**WHAT IS REQUIRED:** Skip every picture, then write out exactly the lines of the listing below from the line that contains "Certified 2022 Kia Sorento SX image 16" through the final line.

**DATA EXTRACT:**
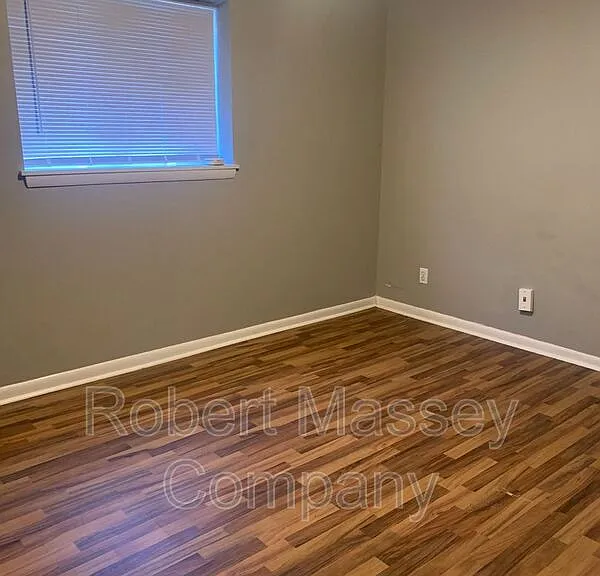1829 Edenside Ave #1 — Photo 4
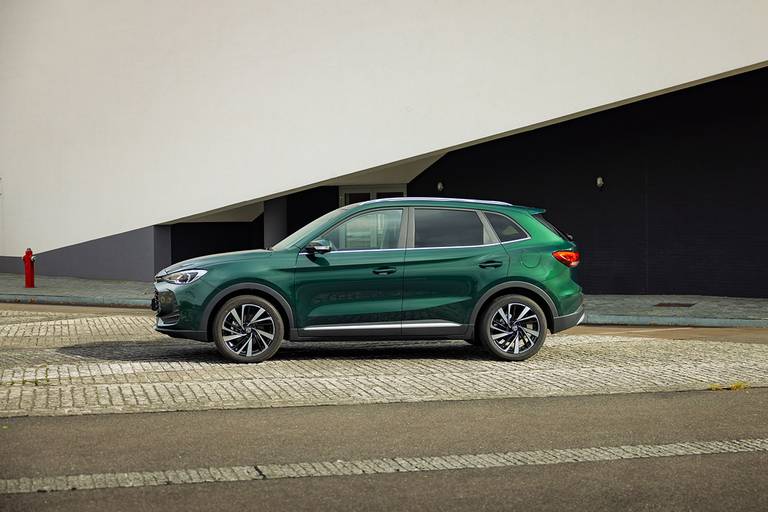 CR 14 MG ZS Hybrid 1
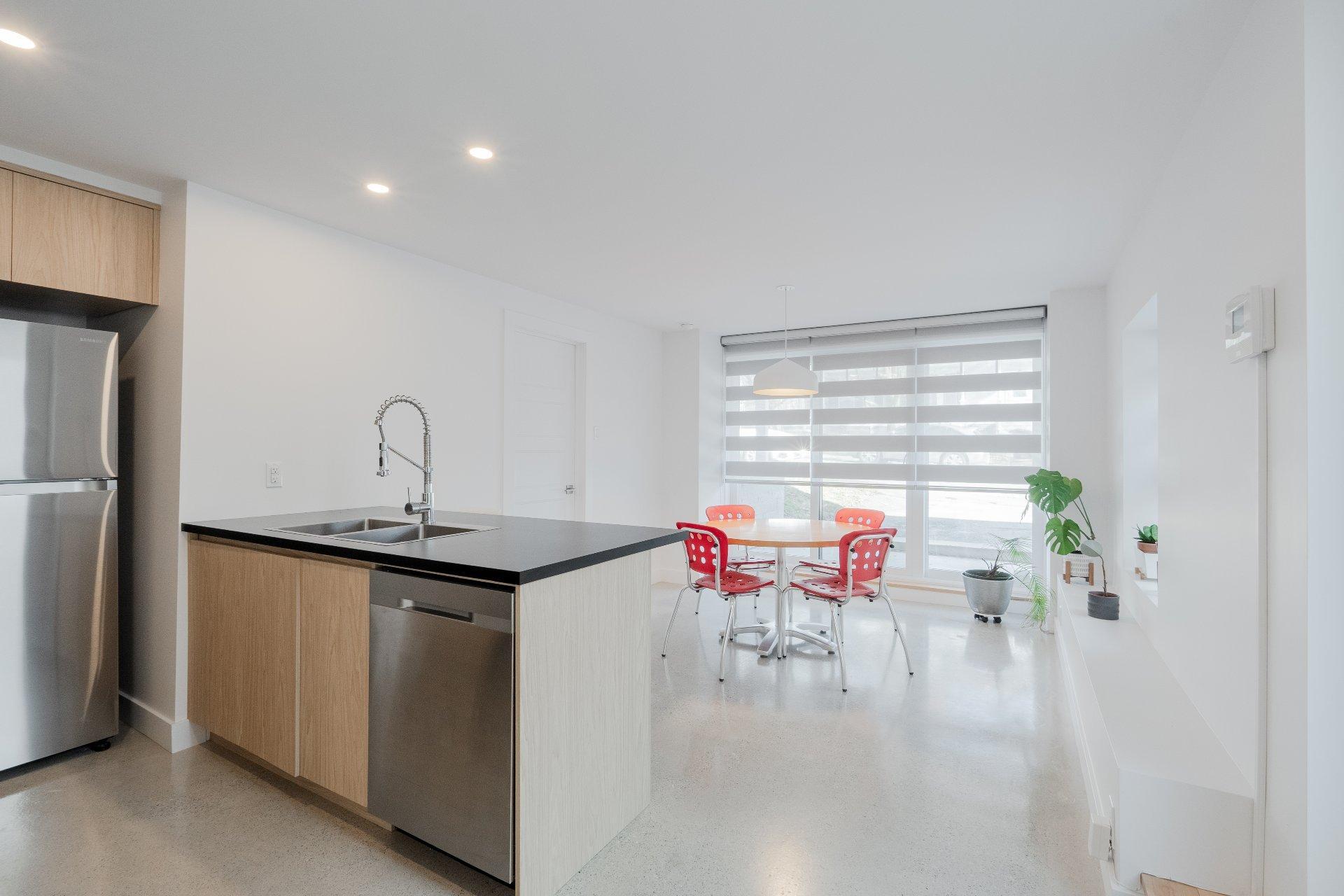 









860


Rue du Général-De Montcalm

,
Sherbrooke (Les Nations),




QC
J1H1J3


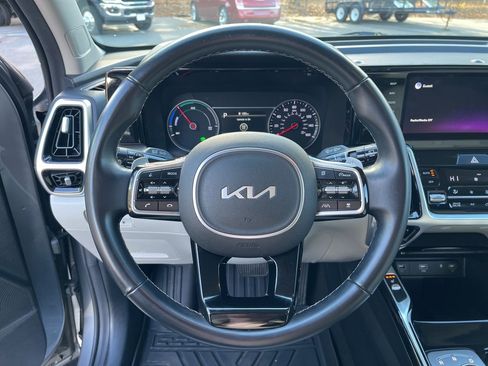 Certified 2022 Kia Sorento SX image 16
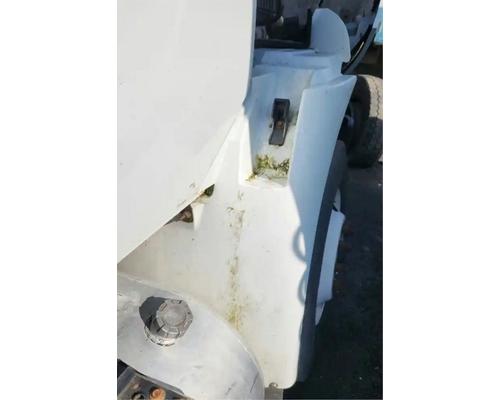  International DuraStar 4400 Fender Extension #
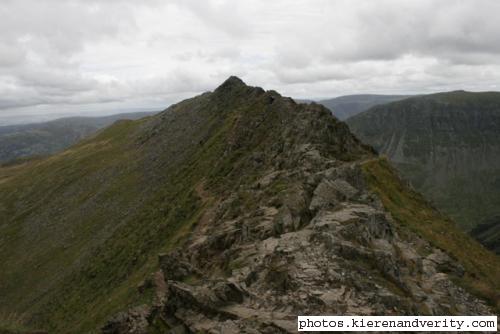 KP on striding edge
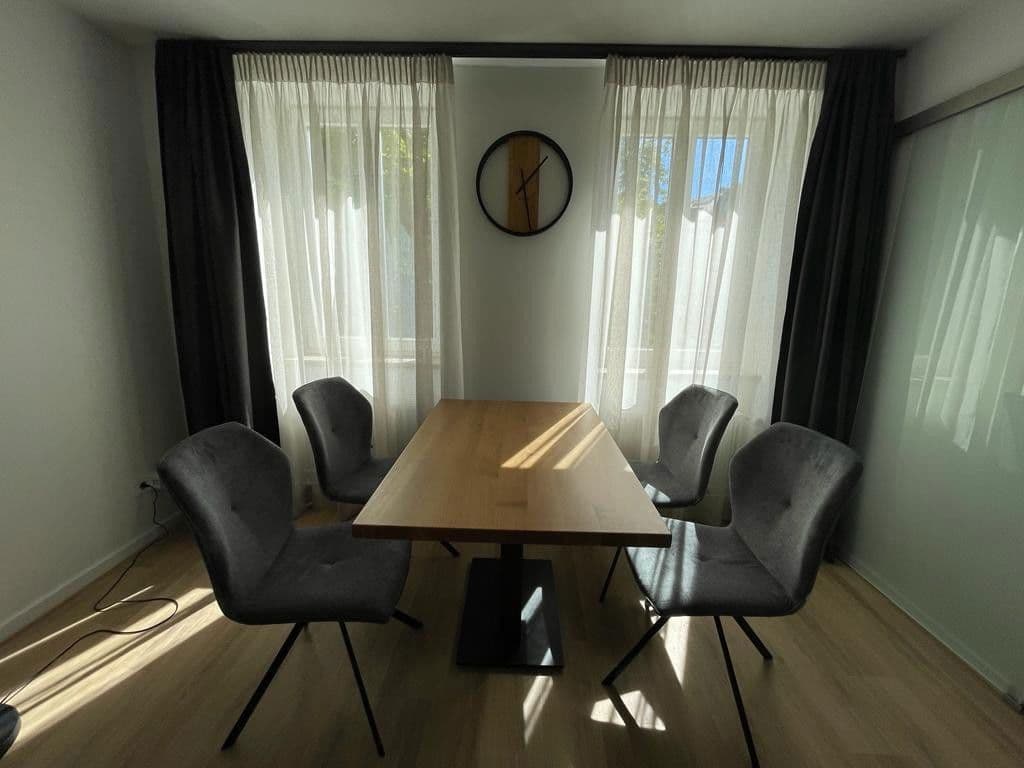 Prenájom bytu 2-izbový 50 m², München, Bavorsko Prenájom bytu 2-izbový 50 m², München, Bavorsko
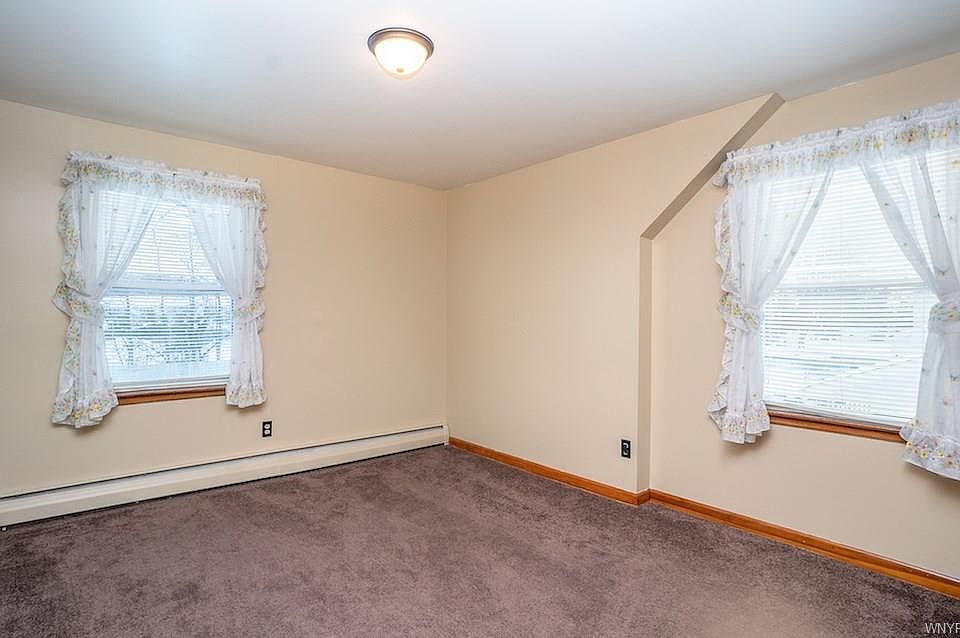 1st image of 31 Eaglebrook Dr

**ANSWER BELOW:**
 Certified 2022 Kia Sorento SX image 16
  International DuraStar 4400 Fender Extension #
 KP on striding edge
 Prenájom bytu 2-izbový 50 m², München, Bavorsko Prenájom bytu 2-izbový 50 m², München, Bavorsko
 1st image of 31 Eaglebrook Dr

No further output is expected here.